Roberto Ransom’s openings are not just that. The first story in Missing Persons is about a pet lizard grown big enough to devour its adoptive family. Ransom’s ingenuity lies in drawing out this topic’s surprising means of presenting caregiving and loss. The first story’s unexpected developments parallel its relation to the other stories. Who could foresee a series of nuanced and unsettling tales about memory, art, betrayal, and divinity from a volume that begins with a housebound Godzilla? Perhaps someone who pays close attention to first sentences, or who reads things at least twice, because—and it took me a while to notice—Ransom employs anaphora especially well. “Lizard à la Heart” begins, “The bathroom hasn’t been open for days.

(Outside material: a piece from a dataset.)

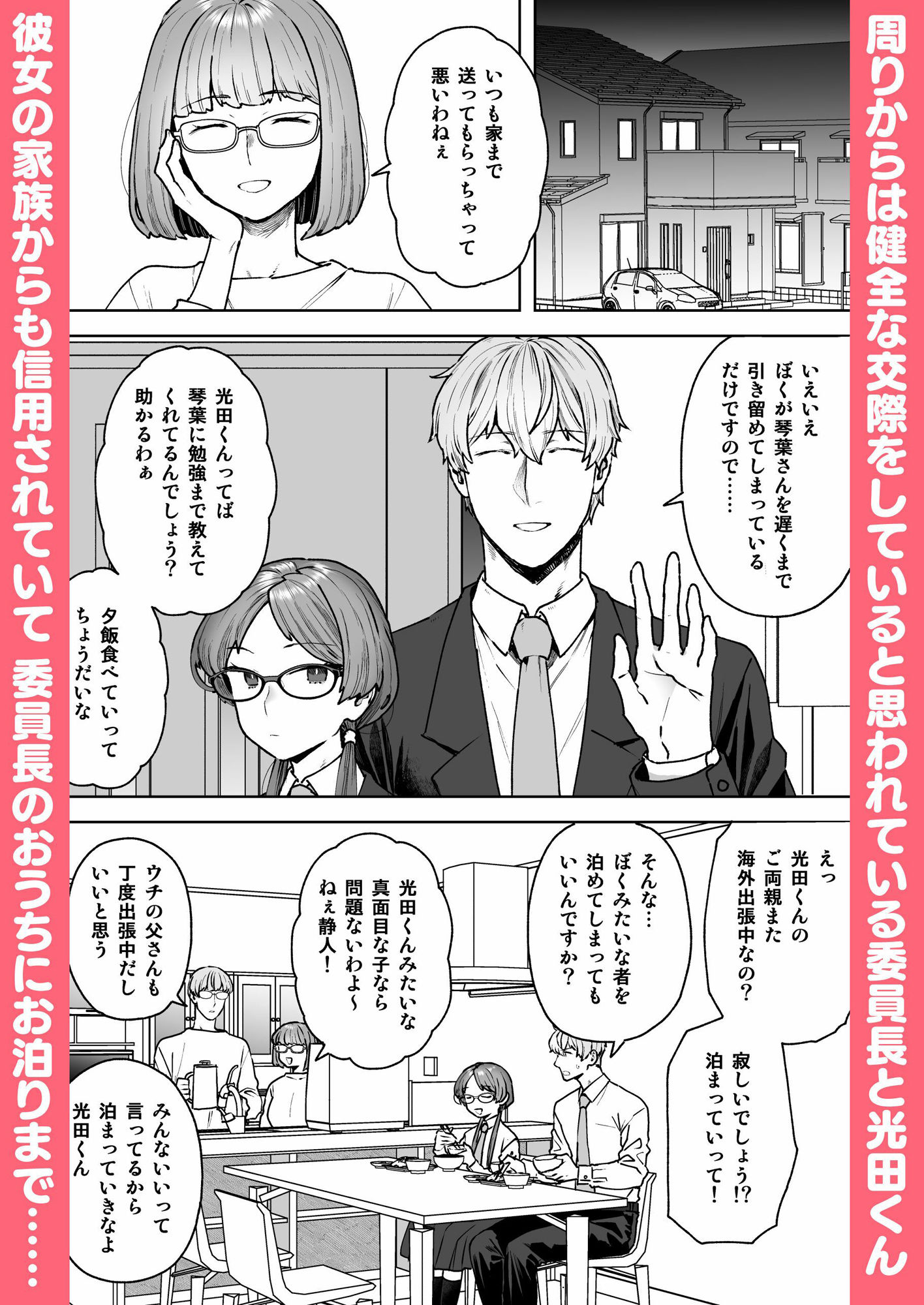 【エロ漫画raw】委員長と光田くんのおとまりおふろタイム
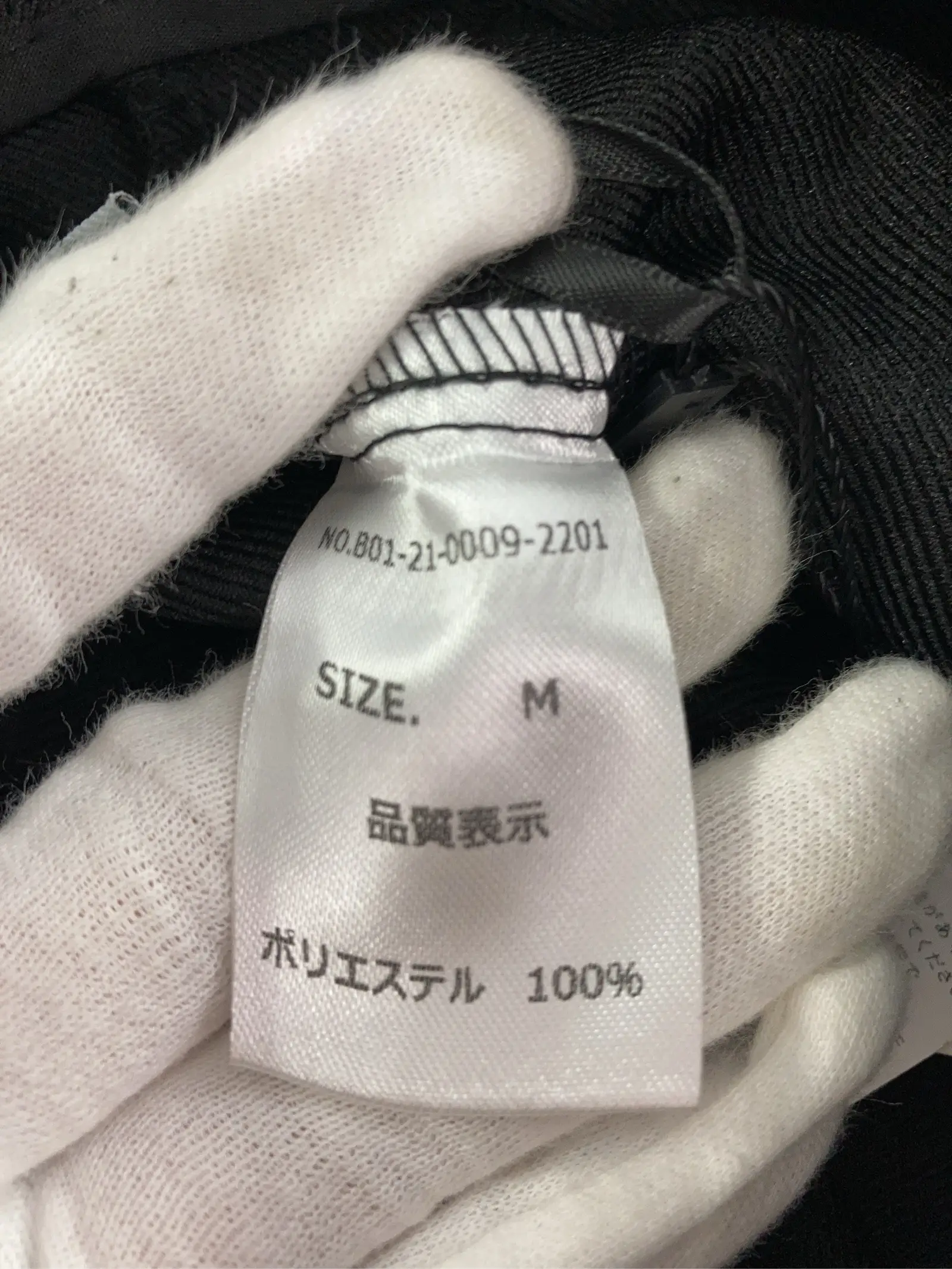 https://r2-worker.digdig.jp/product/a3bd4c01-5350-4cc0-b65f-59a684f764b8/e90294bd-856a-46eb-bed0-683ca9353582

Under the door, as always, it smells like a swamp.” Though syntactically nothing is missing, the words “for days” and “always” map out mysterious antecedents and seductive postcedents for the unsuspecting reader.
What happened? What’s next? This is an appetizer for the initial sentences of later stories, all in Daniel Shapiro’s superb translation from Ransom’s original Desaparecidos, animales y artistas (1999). The beautiful elaboration of the capricious time of artistic labor that characterizes “Three Figures and a Dog” begins, “He liked to be in the chapel at dawn and also in the afternoon when something similar, though not identical, occurred. For that to happen, he had to leave home when his wife got up to milk the cow.” “Something similar” and “that” are more syntactic anaphora than those that open “Lizard” because they leave their possible referents reliant upon (a still unknown) context. One protagonist of “Three Figures” is a medieval Italian painter. Another is a contemporary art historian who tries to restore old paintings whose figures and colors are barely visible beneath the tracks of time. In this story, Ransom transposes anaphora to the whole text, structurally and thematically. The postcedent of the first protagonist’s story, which involves inspiration’s fickleness and a strange dog, becomes the antecedent of the art historian’s work. The story’s characters form a temporal trinity, two moments spanning the ages and the reader’s encounter with them. The triangle’s center nurtures the potential Ransom grounds as skillfully as he liberates, intriguing and delighting his fortunate readers.
Ransom’s stories set free at least as many wonders as they define.